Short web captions
- - -

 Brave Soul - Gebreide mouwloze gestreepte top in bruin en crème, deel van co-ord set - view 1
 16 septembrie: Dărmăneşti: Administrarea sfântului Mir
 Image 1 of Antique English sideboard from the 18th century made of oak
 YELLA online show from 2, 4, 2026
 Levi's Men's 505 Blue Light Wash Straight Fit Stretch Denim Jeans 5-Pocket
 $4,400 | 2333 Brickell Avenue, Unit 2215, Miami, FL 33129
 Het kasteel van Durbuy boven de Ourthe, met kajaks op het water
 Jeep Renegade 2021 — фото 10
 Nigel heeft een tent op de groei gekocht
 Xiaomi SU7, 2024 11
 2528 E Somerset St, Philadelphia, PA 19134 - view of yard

- - -

Exercise prompt → Could you repeat exactly the lines above from the line with "Levi's Men's 505" up to and including the line with "Nigel heeft een tent op de groei gekocht", and only those?

Exercise result →
 Levi's Men's 505 Blue Light Wash Straight Fit Stretch Denim Jeans 5-Pocket
 $4,400 | 2333 Brickell Avenue, Unit 2215, Miami, FL 33129
 Het kasteel van Durbuy boven de Ourthe, met kajaks op het water
 Jeep Renegade 2021 — фото 10
 Nigel heeft een tent op de groei gekocht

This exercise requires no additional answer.